The Beigua Natural Regional Park (in Italian Parco naturale regionale del Beigua) is a natural park located in province of Savona and the Metropolitan City of Genoa, both in Liguria (Italy). It's the largest protected area of the region. It gets the name from the highest mountain of the area, Monte Beigua.

History
The natural park was established by the l.r. (regional law, in Italian legge regionale) nr. 16 April the 9th 1985 as modified by the l.r. nr. 12 February the 22nd 1995.

During March 2005 the Beigua Geopark was recognised as a part of the European Geoparks Network.

Geography 

Situated in the inland of the Italian Riviera between Savona and Genoa, the park covers a very interesting area of the Ligurian Apennines. its protected territory, over , includes 26 km of the Apenninic watershed dividing Pianura Padana (tributary of the Adriatic Sea) from the Ligurian Sea drainage basin.

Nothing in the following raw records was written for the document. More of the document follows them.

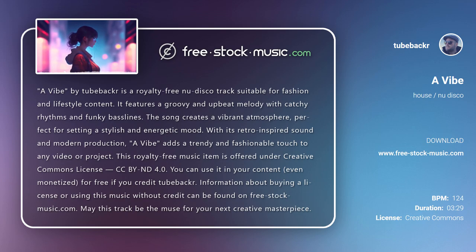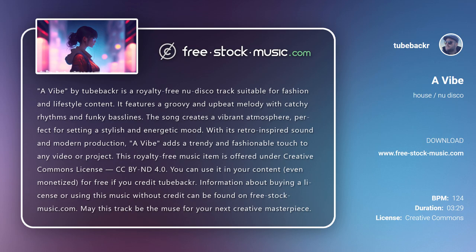This royalty-free music item is offered under Creative Commons License CC BY 4.0. You can use it in your content, even monetized, for free if you credit Tubbagger. Information about buying a license or using this music without credit can be found on free-stock-music.com.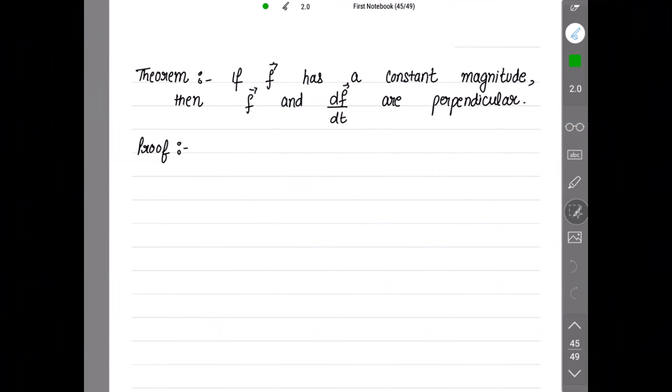If f vector has a constant magnitude, meaning mod of f vector equals f (constant length), then f vector and df/dt are perpendicular — this we need to show. We have also done in the previous video that there is a theorem: if f vector has constant magnitude, then this will happen if and only if the dot product of f vector and df/dt is equal to 0. And if a vector function has constant direction, then the cross product of f and df/dt is 0.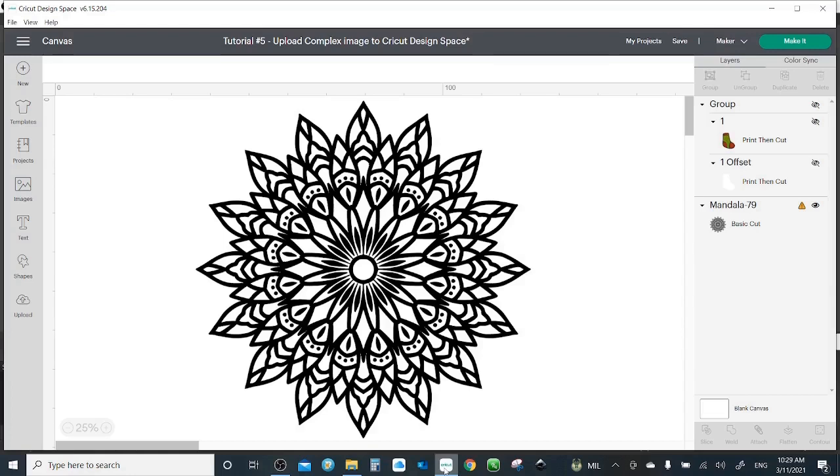Hello everyone, my name is Mariam and welcome to my Cricut Design Space tutorials. Last time in tutorial 4 we discussed how to upload an image to Cricut Design Space. We mainly tried the SVG format.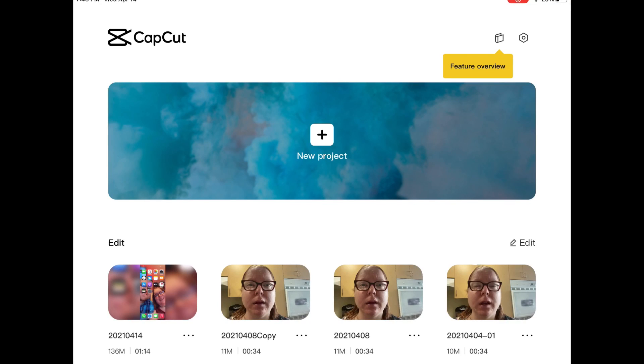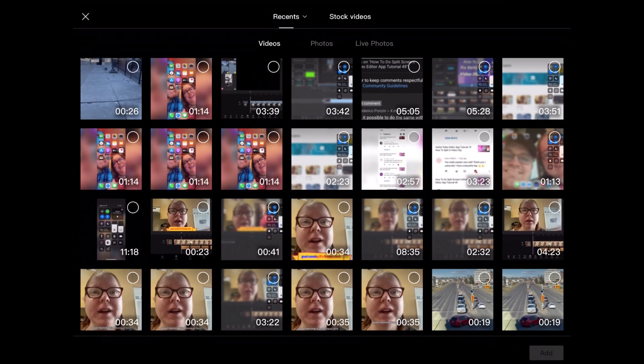Tap the plus sign to add your media. You can add videos and photos to the same project. By default, videos are selected. I'll tap on the circle in the upper right hand corner and tap on add.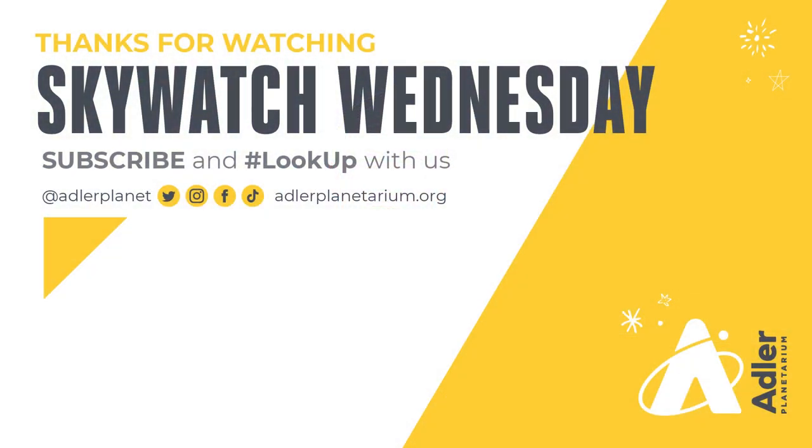Don't forget to subscribe to Adler's YouTube channel, and also follow us on Facebook, Instagram, Twitter, and TikTok. Clear skies, and we'll see you next time.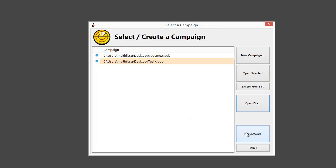We can also open a campaign from a file, which you'll need if someone shares a campaign with you, and finally we can exit the software. This concludes the demo for TubeCiaJeet — I hope you like the product and enjoy using it.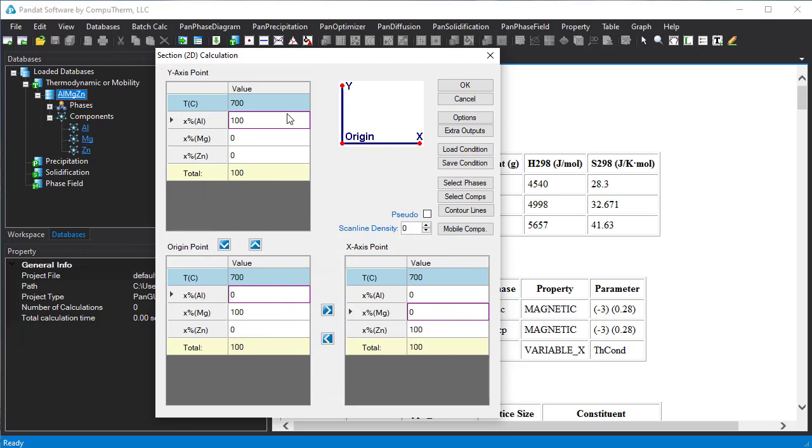For this isothermal section the temperature of the three points is the same as 400 degrees C.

The park encompasses three SCIs and one SPA of the Natura 2000 network:
 Foresta della Deiva – Torrente Erro (SCI code: IT1321313)  788 hectares,
 Pian della Badia (Tiglieto)  (SCI code: IT1330620) 250 hectares,
 Beigua – Monte Dente – Gargassa – Pavaglione (SCI code: IT1331402) almost 17.000 hectares,
 Beigua-Turchino (SPA code: IT1331578)  9960 hectares.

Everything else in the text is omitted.